# DD 214 Increased Social Security Benefits For Vets



## k2muskie (Oct 6, 2007)

Another tid-bit of information passed along today.

DD 214 Increased Social Security Benefits For Vets

DD FORM 214 -- EXTRA SOCIAL SECURITY BENEFIT for those with active duty between January 1957 to December 31, 2001 
See the web site & notes below to possibly increase your Social Security Benefits.

DD FORM 214 -- SOCIAL SECURITY BENEFIT Please share this with anyone who had active duty service between January 1957 to December 31, 2001, and planning for retirement. In a nutshell it boils down to this:

You qualify for a higher social security payment because of your Military service, for active duty any time from 1957 through 2001 (the program was done away with 1 January 2002). Up to $1200 per year of earnings credit credited at time of application - which can make a substantial difference in social security monthly payments upon your retirement.

*You must bring your DD-214 to the Social Security Office and you must ask for this benefit to receive it!*

Soc Sec website:

http://www.ssa.gov/retire2/military.htm

This is something to put in your files for when you apply for Social Security down the road.. It is NOT just for retirees, BUT anyone who has served on active duty between January 1957 to December 31, 2001.

FYI - *this benefit is not automatic, you must ask for it!* We've all been on active duty between 1957 and 2001 or know someone who has.

Passing on good information for all you military folks when you apply for social security.
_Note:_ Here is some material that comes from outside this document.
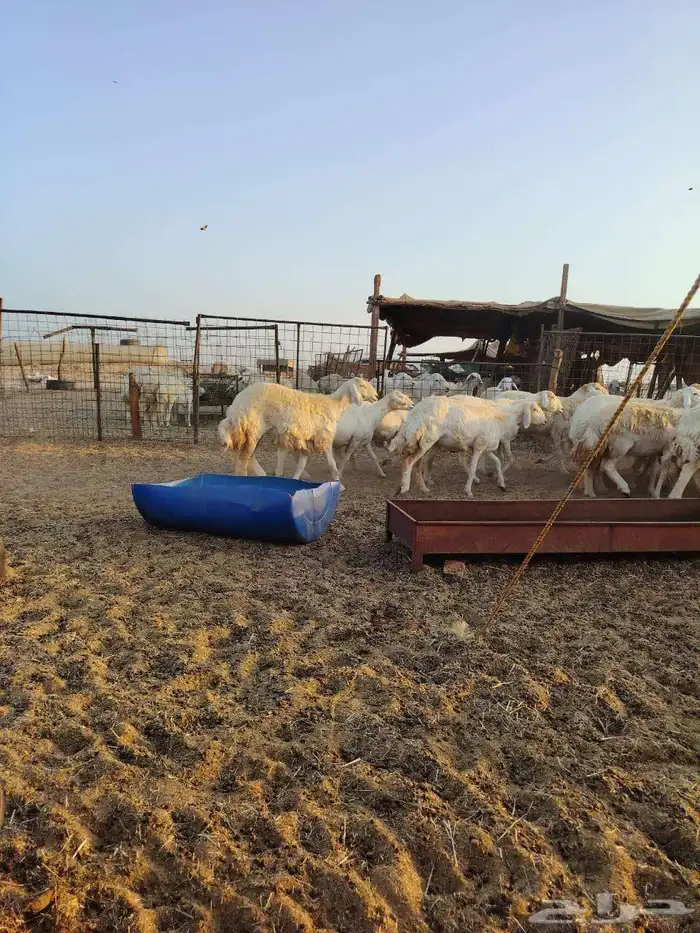 ضان جنب ماشاء الله 7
I know this may be too early for some of you to think about social security but, keep living and you will get there.

Regional Resource Coordinator

Maryland's Commitment to Veterans Project State of Maryland- Southern Region Human Services Partnership Building La Plata, Maryland 2064


----------



## bowgy (Oct 10, 2007)

Thanks K2, I fall into that time frame but still a few years from retirement age :O•-:


----------



## stillhunterman (Feb 15, 2009)

Thanks much K2! I am getting close to that golden age, so it will definately come in handy!


----------



## Guest (Dec 8, 2011)

that good info; thank you


----------